How to put this? We do not need any lectures on “manly virtues” from someone who himself undermined the democratic ideals of this country less than 12 months ago, and who when he poses for photos near farm equipment does so in the worst manly-virtues drag imaginable—ironed jeans and freshly pressed shirt. Josh Hawley is the antithesis of manliness, masculinity, or indeed anything any thinking man would ever aspire to be.
The gaslighting continued, as it always does for this dweeb who’s never happier when, in front of an audience, is lying about being silenced. “I’m not here tonight to tell you that men are victims,” he said. “The last thing we need more of in the United States today is the victim mindset.” This is precisely what he had been claiming in his 26-minute, cretinous speech.
Hawley wasn’t done. Asked about his verbal spew on Axios on HBO, he said that, “I think what the Left is doing is attacking America. They’re saying America is systemically oppressive, and we are systemically responsible.” Here, Hawley identifies yet another piercing social question, and yet again does not answer it.
He hopes it sounds absurd. He hopes we will harrumph as he does over its absurdity. But no. It just hangs there, unanswered, and not as absurd as he hoped. He claimed “the Left” was telling men, “You’re part of the problem. ... Your masculinity is inherently problematic."
Question: Who has said this on the Left? When?
“As conservatives, we've got to call men back to responsibility,” Hawley said. “We’ve got to say that spending your time not working… spending your time on video games, spending your time watching porn online… is not good for you, your family, or this country.”
Hawley seems so stuck on the issue of playing video games and watching porn online—why? Is this something he knows about personally? Where is his evidence this is a wider social problem? Has he got statistics, or has he been going around his neighborhood, covertly watching men through bedroom windows in their boxer shorts?
He says his idea of a man “is a father… a husband. A man is somebody who takes responsibility.” Does this mean he does not see gay, bi, trans, and heterosexual single men, or men without children, as real men? How many men fall short of Josh Hawley’s rigorous standards? Say there are men who like a couple of beers when they are out, but, gently buzzed, don’t betray their country when they get home? Are they real men?

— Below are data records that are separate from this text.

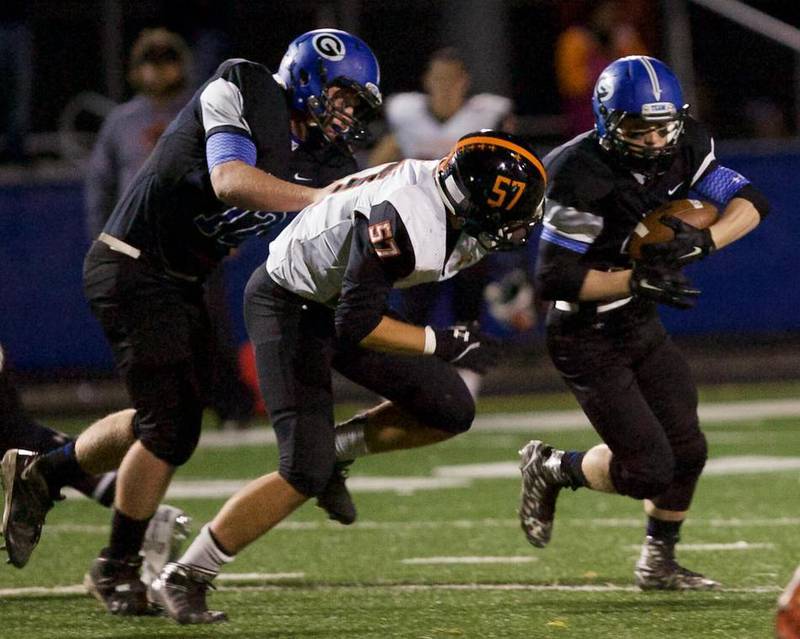 Geneva's Luke Swanson runs for the ball as Bobby Ariss keeps St. Charles East's Michael Gutierrez from making the tackle on Friday in Geneva.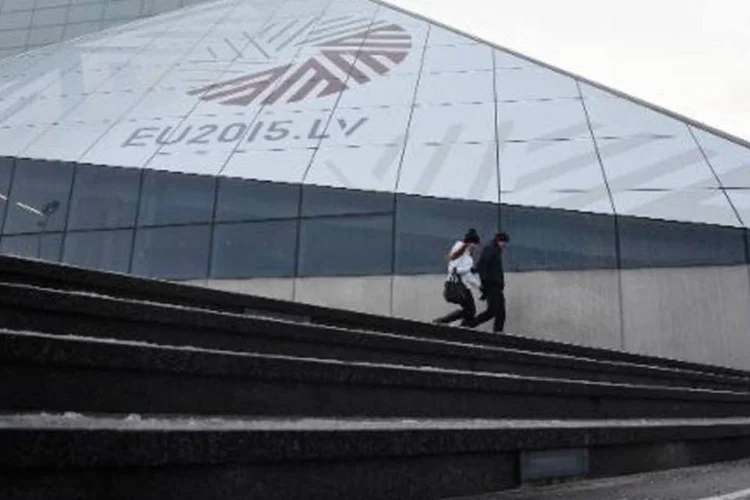 Pessoas caminham em frente a anúncio da Letônia como presidente da UE em Riga (Ilmars Znotins/AFP)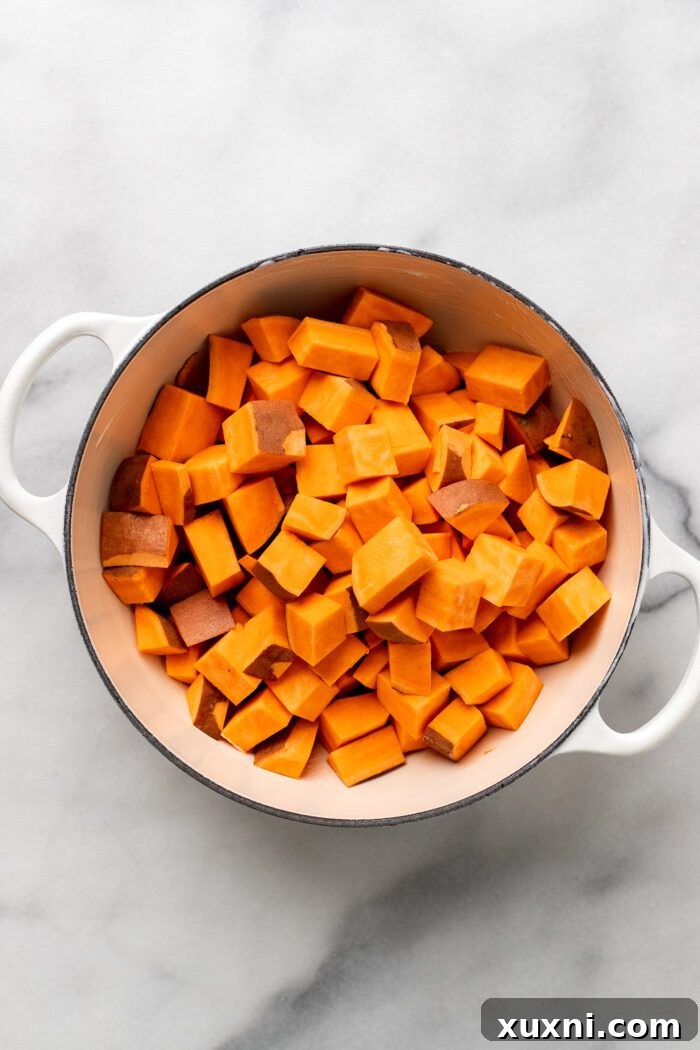 Uniformly cubed sweet potatoes placed in a Dutch oven, ready for seasoning and roasting.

Republicans have got to tell men to stop playing video games and watching porn, he said. Hmm, I’m not sure this is going to win a lot of male votes in the upcoming election, and when Axios asked Hawley—as I pondered above—for actual proof to back up his creepy theorizing he muttered something about “many years” of policy-making.
Ah yes, the “Men Must Masturbate and Play Video Games” legislation under Obama. We remember it well.
“I think you put together lack of jobs, you put together fatherlessness, you put together the social messages that we teach our kids in school, I think we’ve got to confront that and its effects,” Hawley said. This comment almost has some sense threaded in it, but again he leaves the questions it raises unanswered—and Hawley was also not asked what kind of policies he was advocating for to see his conservative vision through.
In the Axios interview, Hawley was asked about his support of the insurrectionists. “I don’t know who came into the Capitol or not. If they did come into the Capitol and they violated the laws, they’re criminals, and they should be prosecuted—and they’ll get no support from me.”
His actions speak otherwise. In his lectures about what it takes to be a real man, what threshold of personal responsibility must be met to meet his standard of masculinity, Josh Hawley has singularly failed to practice what he preaches.
My only advice to Hawley’s constituents, particularly the men of Missouri, is to keep their drapes tightly shut at night. One never knows who might be outside, looking in.